Structure of H2Ti3O7 and its evolution during sodium insertion as anode for Na ion batteries

H2Ti3O7 was prepared as a single phase material by ionic exchange from Na2Ti3O7. The complete ionic exchange was confirmed by 1H and 23Na solid state Nuclear Magnetic Resonance (NMR). The atomic positions of H2Ti3O7 were obtained from the Rietveld refinement of powder X-ray diffraction (PXRD) and neutron diffraction experimental data, the latter collected at two different wavelengths to precisely determine the hydrogen atomic positions in the structure.
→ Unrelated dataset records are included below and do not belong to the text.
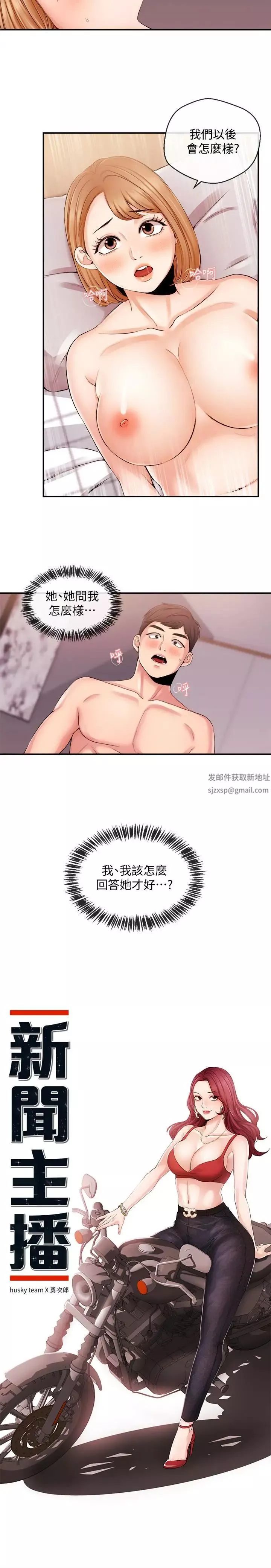 新闻主播 第21话 道德随着人生一起坠入谷底 - 第2页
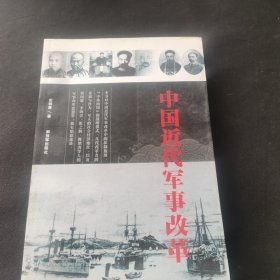 中国近代军事改革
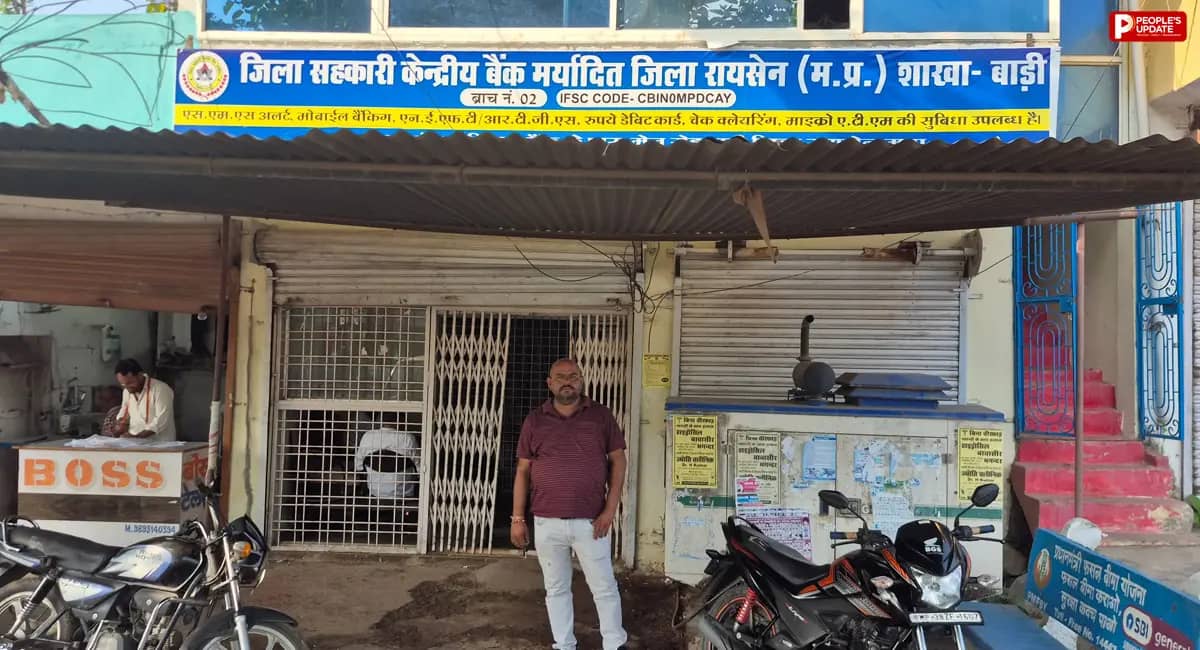 धान पंजीयन में तकनीकी अड़चन से परेशान बाड़ी के किसान, गिरदावरी और एग्रीटेक पोर्टल में आ रहा एरर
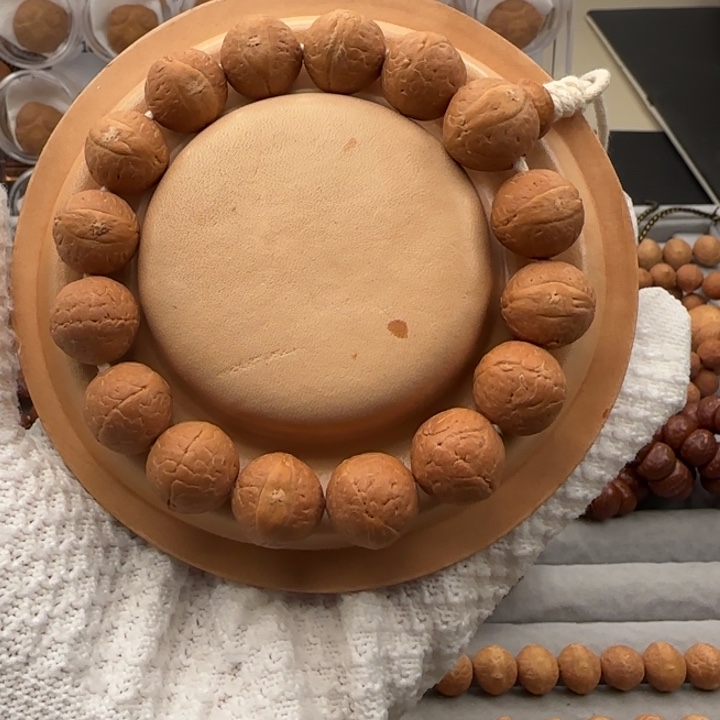 凤眼菩提吊坠开播首条福利单圈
All H+ cations are hydrogen bonded to two adjacent [Ti3O7]2− layers leading to the gliding of the layers and lattice centring with respect to the parent Na2Ti3O7. In contrast with a previous report where protons were located in two different positions of H2Ti3O7, 3 types of proton positions were found. Two of the three types of proton are bonded to the only oxygen linked to a single titanium atom forming an H–O–H angle close to that of the water molecule. H2Ti3O7 is able to electrochemically insert Na+. The electrochemical insertion of sodium into H2Ti3O7 starts with a solid solution regime of the C-centred phase. Then, between 0.6 and 1.2 inserted Na+ the reaction proceeds through a two phase reaction and a plateau at 1.3 V vs. Na+/Na is observed in the voltage–composition curve. The second phase resembles the primitive Na2Ti3O7 cell as detected by in situ PXRD. Upon oxidation, from 0.9 to 2.2 V, the PXRD pattern remains mostly unchanged probably due to H+ removal instead of Na+, with the capacity quickly fading upon cycling. Conditioning H2Ti3O7 for two cycles at 0.9–2.2 V before cycling in the 0.05–1.6 V range yields similar specific capacity and better retention than the original Na2Ti3O7 in the same voltage range.